4. Mr. Dharan Gandhi the learned Counsel for the Petitioner submitted that the A.O. has failed to establish that the jurisdictional conditions are satisfied to initiate reassessment proceedings. He submitted that the reassessment is based solely on the information received under the head High Risk Transaction cases under the verification module on the “INSIGHTS PORTAL”. He submits that the description on the portal is “Account Balance or value at the end of the reporting Period”, against which an amount of Rs. 103,79,33,586/- is mentioned. He submits that there is nothing in the reasons or in the order disposing objections in this regard. Accordingly, on such vague and ambiguous information, assessment cannot be reopened. He submits that there is no live link or nexus between information received and the purported income i.e. escaped assessment. He further submits that there is no information or detail about the nature of transaction or account which is signed, sine qua non for the A.O. to have a “reason to believe” that income chargeable to tax has escaped assessment. In support of his contention, he relied upon the decision of the Apex Court in the case of ITO vs.

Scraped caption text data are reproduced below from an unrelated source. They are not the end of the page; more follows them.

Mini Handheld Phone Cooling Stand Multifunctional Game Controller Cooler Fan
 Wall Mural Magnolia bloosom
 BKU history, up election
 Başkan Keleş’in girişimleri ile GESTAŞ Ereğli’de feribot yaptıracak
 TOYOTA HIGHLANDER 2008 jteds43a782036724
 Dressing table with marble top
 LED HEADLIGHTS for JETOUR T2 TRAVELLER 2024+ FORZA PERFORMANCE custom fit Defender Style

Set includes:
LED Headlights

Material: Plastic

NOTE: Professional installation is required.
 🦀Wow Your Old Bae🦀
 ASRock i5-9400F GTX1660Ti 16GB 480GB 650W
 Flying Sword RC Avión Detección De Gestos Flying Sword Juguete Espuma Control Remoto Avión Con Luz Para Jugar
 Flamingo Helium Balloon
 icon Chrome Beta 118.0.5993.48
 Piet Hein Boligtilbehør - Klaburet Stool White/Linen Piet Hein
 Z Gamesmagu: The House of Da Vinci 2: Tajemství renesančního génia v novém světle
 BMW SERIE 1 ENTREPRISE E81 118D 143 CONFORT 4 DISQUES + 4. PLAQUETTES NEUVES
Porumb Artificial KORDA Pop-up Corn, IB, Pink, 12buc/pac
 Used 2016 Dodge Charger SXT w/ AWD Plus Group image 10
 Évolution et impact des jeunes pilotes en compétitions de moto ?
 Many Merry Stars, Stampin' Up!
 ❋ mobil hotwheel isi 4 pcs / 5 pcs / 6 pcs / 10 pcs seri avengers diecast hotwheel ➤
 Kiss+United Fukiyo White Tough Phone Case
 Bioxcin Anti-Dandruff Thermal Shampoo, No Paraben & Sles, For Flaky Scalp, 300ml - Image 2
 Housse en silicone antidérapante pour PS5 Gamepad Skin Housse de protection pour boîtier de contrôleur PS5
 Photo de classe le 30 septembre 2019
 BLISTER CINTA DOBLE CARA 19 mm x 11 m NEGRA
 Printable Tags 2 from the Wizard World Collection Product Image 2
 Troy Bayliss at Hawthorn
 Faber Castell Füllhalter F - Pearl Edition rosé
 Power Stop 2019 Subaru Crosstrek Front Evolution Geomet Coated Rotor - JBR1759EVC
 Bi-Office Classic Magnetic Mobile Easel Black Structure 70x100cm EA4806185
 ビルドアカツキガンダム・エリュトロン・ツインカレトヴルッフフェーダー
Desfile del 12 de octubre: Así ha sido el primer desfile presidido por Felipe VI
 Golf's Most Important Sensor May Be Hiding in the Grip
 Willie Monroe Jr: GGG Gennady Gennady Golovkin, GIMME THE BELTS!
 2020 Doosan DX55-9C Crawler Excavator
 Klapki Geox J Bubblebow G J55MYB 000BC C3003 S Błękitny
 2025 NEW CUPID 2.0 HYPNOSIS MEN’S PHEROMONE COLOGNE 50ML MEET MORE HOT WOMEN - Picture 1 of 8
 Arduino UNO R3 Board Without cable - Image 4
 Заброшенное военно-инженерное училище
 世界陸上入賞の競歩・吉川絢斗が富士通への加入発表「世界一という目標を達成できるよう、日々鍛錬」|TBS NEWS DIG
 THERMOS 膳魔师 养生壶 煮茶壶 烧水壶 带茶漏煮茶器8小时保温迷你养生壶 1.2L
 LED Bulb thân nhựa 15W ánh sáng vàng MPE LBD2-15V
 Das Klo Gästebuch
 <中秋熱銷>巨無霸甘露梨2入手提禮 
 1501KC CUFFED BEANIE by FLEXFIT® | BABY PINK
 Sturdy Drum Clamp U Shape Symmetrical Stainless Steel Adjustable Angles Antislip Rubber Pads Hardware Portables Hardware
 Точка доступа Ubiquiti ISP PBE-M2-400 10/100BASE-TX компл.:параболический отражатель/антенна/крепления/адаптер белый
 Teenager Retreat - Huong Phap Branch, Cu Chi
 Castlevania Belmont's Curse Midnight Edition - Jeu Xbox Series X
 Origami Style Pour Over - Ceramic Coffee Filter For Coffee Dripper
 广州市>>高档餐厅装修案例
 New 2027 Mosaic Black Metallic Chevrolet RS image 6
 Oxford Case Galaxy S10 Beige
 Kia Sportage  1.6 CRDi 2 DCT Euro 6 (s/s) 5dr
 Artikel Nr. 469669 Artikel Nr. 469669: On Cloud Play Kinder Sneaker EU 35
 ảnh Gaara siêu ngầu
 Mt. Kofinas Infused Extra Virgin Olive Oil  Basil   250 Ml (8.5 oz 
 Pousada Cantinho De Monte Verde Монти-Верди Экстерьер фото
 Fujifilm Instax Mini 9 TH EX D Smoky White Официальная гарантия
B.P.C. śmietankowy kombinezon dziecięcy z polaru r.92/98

Lakhmani Mewal Das1. He submitted that there is no new tangible material based on which the assessment was being reopened and that from the reasons recorded, one could not deduce what was the new tangible material. He submitted that the reasons categorically recorded that the information requires further verification. He apprehends that the reopening would only lead to fishing and roving enquiry conducted by the respondent No.1. He submitted that a reopening of the assessment cannot be based on conjecture, surmises and assumptions. In support of the said contention, he relied upon following judgments:
(i) 375 ITR 308(Bom) Nivi Trading Limited vs. UOI.
(ii) 262 Taxman 404(Bom) Jalaram Enterprises (P) Ltd. vs. ITO.
(iii) 261 Taxman 110(Bom) PCIT vs. Rajesh D. Nandu.
(iv) 406 ITR 326 (Guj) PCIT vs. Manzil Dineshkumar Shah.
5. He further submitted that from the information available on the “INSIGHT PORTAL” it can be concluded that the impugned order was passed in mechanical and in routine manner without any application of mind, which by itself would make reassessment proceeding bad in law and liable to be set aside. He submitted that since the respondent No. 1 had taken no efforts to verify the records of the Petitioner, the actions were without any due diligence and therefore, contrary to the law. He placed reliance on the following decisions in support of his contention.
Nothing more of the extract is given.